┌──

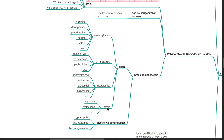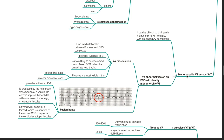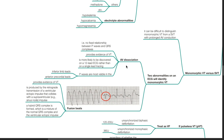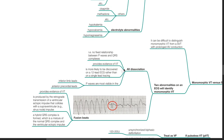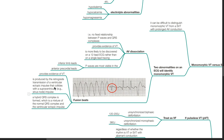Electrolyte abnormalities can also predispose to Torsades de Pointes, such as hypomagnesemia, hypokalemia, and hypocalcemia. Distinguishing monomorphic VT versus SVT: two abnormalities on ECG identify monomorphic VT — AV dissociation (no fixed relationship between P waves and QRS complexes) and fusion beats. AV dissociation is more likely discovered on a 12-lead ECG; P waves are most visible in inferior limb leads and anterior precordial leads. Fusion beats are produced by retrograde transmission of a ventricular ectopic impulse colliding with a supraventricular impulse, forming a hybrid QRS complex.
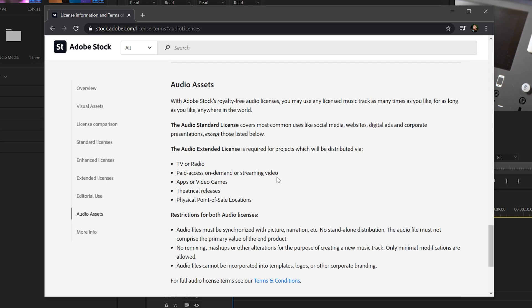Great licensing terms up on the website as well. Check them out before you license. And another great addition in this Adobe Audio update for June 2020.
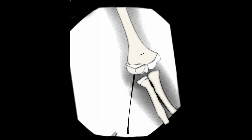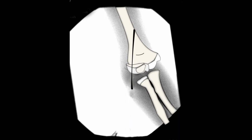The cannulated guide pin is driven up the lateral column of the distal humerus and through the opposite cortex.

└──

_REQUIREMENT_:
Repeat the material above verbatim, with no pictures in the output.

_RESPONSE_:
Electrolyte abnormalities can also predispose to Torsades de Pointes, such as hypomagnesemia, hypokalemia, and hypocalcemia. Distinguishing monomorphic VT versus SVT: two abnormalities on ECG identify monomorphic VT — AV dissociation (no fixed relationship between P waves and QRS complexes) and fusion beats. AV dissociation is more likely discovered on a 12-lead ECG; P waves are most visible in inferior limb leads and anterior precordial leads. Fusion beats are produced by retrograde transmission of a ventricular ectopic impulse colliding with a supraventricular impulse, forming a hybrid QRS complex.
Great licensing terms up on the website as well. Check them out before you license. And another great addition in this Adobe Audio update for June 2020.
The cannulated guide pin is driven up the lateral column of the distal humerus and through the opposite cortex.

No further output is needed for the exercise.